L’esodo dei cristiani ha dimensioni bibliche, epocali. Sotto Saddam Hussein erano quasi un milione e mezzo, oggi sono ridotti a circa 300 mila, nelle migliori stime. Oltre alla guerra, c’è stato infatti lo sciagurato tentativo di instaurazione di uno stato islamico fondamentalista a opera dell’Isis (Daesh), peraltro finanziato e sostenuto dalle potenze confinanti e armato anche dall’Europa. Triste dirlo, ma è così. I cristiani rimasti, oggi, finite le persecuzioni attive, non si trovano in una buona situazione e ci informano di una vita molto difficile per la popolazione in generale e in particolare per loro. Il Papa dunque va per sostenere i pastori e le greggi, per offrire loro un’occasione di ritrovarsi, di fare festa, di sentirsi visitati dal Signore Gesù attraverso il successore di Pietro.
La finalità ecumenica è anch’essa evidente: papa Francesco crede molto e giustamente in questo andare a trovare a casa loro i fratelli delle altre confessioni cristiane. È lo stile di vita di una Chiesa in uscita. Sarà accompagnato dal cardinale Leonardo Sandri, prefetto della Congregazione delle Chiese Orientali che segue con attenzione e affetto questa parte del mondo cristiano dove risiedono le origini della fede biblica e del Cristianesimo: la Chiesa Caldea, la Chiesa Siriaca, la Chiesa Assira sono chiese della prima ora, custodi del patrimonio originario dei discepoli di Gesù. L’ecumenismo qui in Medio Oriente è pane quotidiano, ricco di antiche ferite e divisioni, ma anche di sorprendenti intese e convivenze, soprattutto nelle famiglie dove non di rado ci sono varie appartenenze.
Ma sicuramente uno dei motivi principali è l’interesse verso il mondo musulmano, questa volta sciita. Infatti è prevista una tappa a Najaf, una delle culle sciite, meta di pellegrinaggi da tutto il mondo, dove risiede il grande ayatollah Sayyd Ali Al-Husaymi Al Sistani, la più alta autorità sciita dell’Iraq, cui papa Francesco riserverà una visita privata.

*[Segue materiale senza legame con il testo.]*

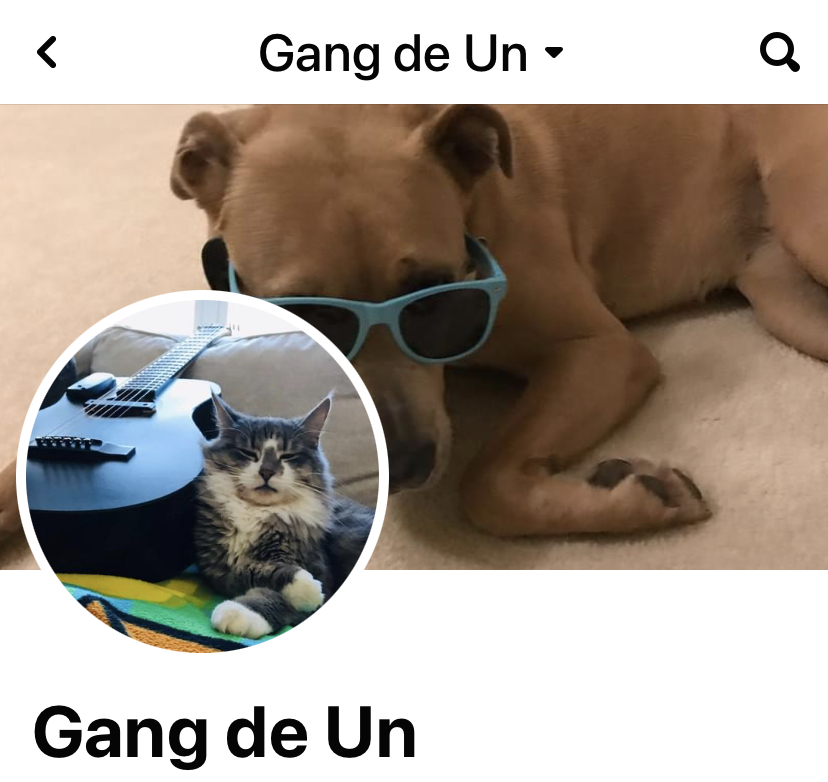 Gang de Un (Mark Belanger Solo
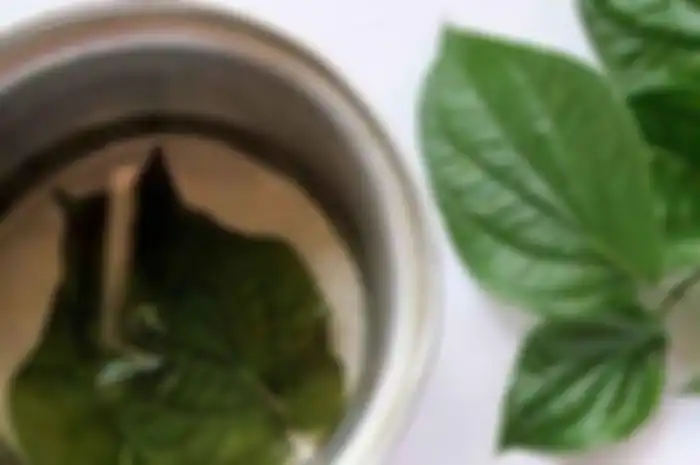 Rebusan daun sirih sebagai obat alami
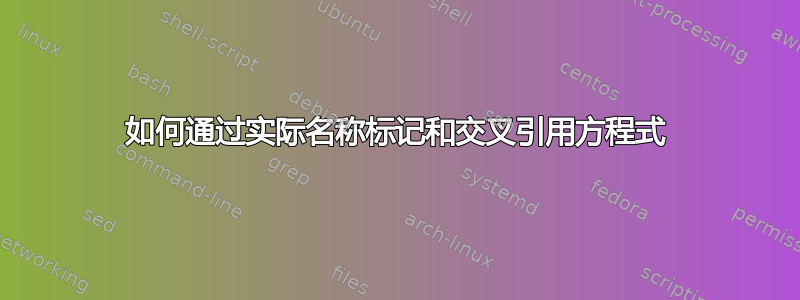 如何通过实际名称标记和交叉引用方程式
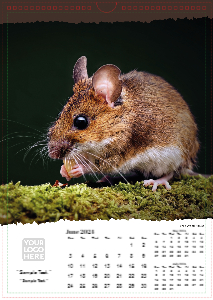 British Wildlife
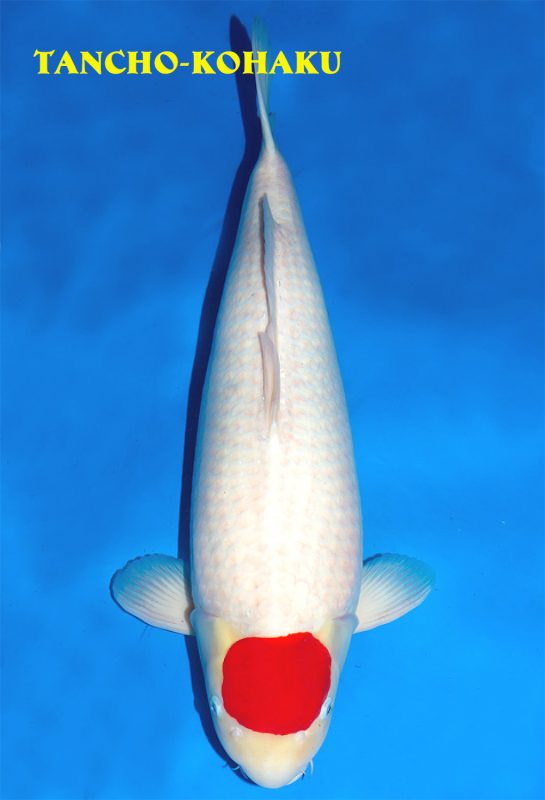 Cá Koi Tancho: Biểu tượng của xứ sở hoa anh đào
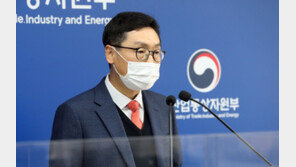 작년 외국인 직접투자 295억달러 역대 최대…전년보다 42% 급증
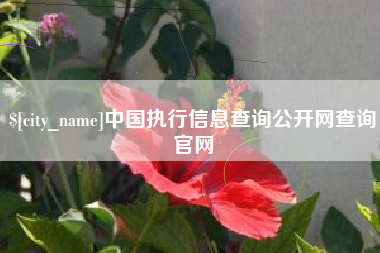 定边中国执行信息查询公开网查询官网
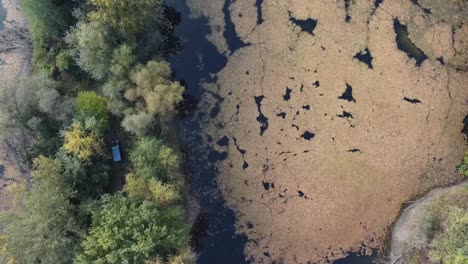 Swamp-with-trees-around.-Drone-shot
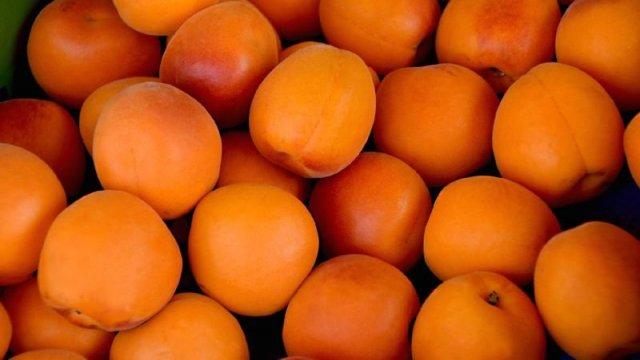 Диетолог рассказала о полезных свойствах абрикосов
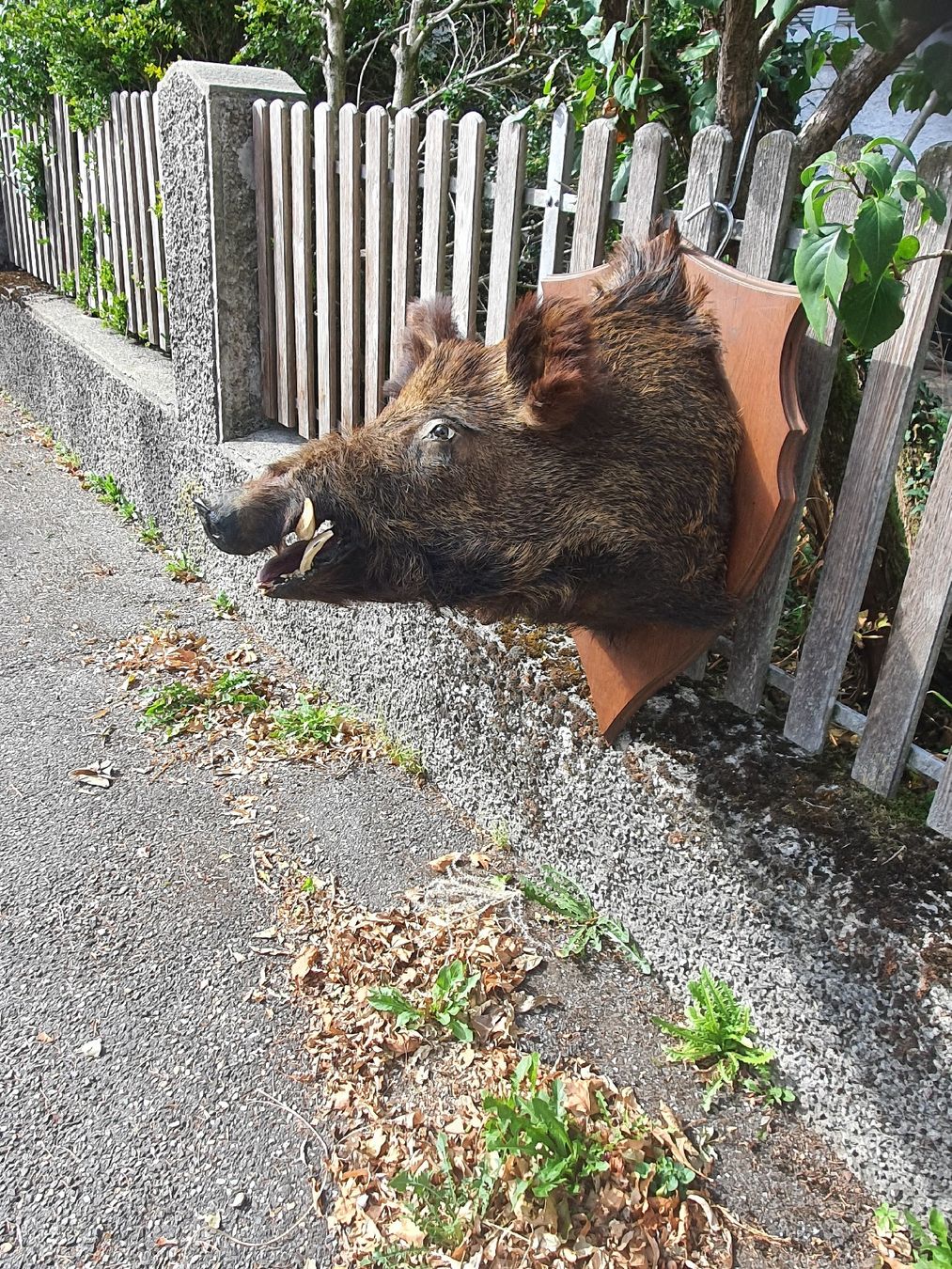 Il mondo degli animali: Wildschwein/ Keiler Kopfý – Usato da Wangen b. Olten venduto da Hecht62xyz 3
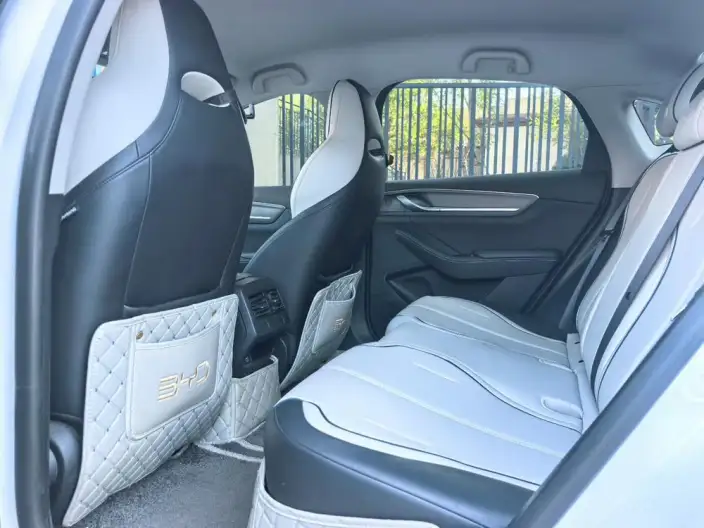 BYD Destroyer 05 2024 Model Honor Edition DM-i 55KM Luxury Model – фото 9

È chiaro che questo incontro si pone nella scia di quello di Abu Dhabi. Sono incontri che in Europa vengono liquidati rapidamente, sia per scarso interesse verso questa parte di mondo e di umanità, ma anche perché considerati un po’ utopici o azzardati, quando non addirittura criticati. Alzare muri e sottolineare differenze identitarie sembra l’unica via possibile, secondo molti, da parte sia musulmana, sia cristiana. Niente di più sbagliato. Solo conoscendosi, solo incontrandosi, solo cercando accordi sui temi del bene comune come la pace, la libertà religiosa, la convivenza civile, eccetera, si può sperare di disarmare l’appoggio, spesso subdolo, alle forze estremiste.
Il Papa e quanti lo seguono si pongono in una linea profetica. Il profeta non è preoccupato di quante persone lo seguono o di quanti like riceve sui social: gli preme che la religione sia una forza di pace riconosciuta; gli preme la fraternità. Queste visite del Papa perciò sono un modo per attuare concretamente quanto espresso nell’enciclica Fratelli tutti: se abbiamo un unico Padre, dobbiamo incontrarci da fratelli per affrontare insieme i nemici comuni, l’indifferenza verso Dio e la contrapposizione che genera odio e violenza, e promuovere la custodia del creato e vie di sviluppo sostenibili e accessibili a tutti.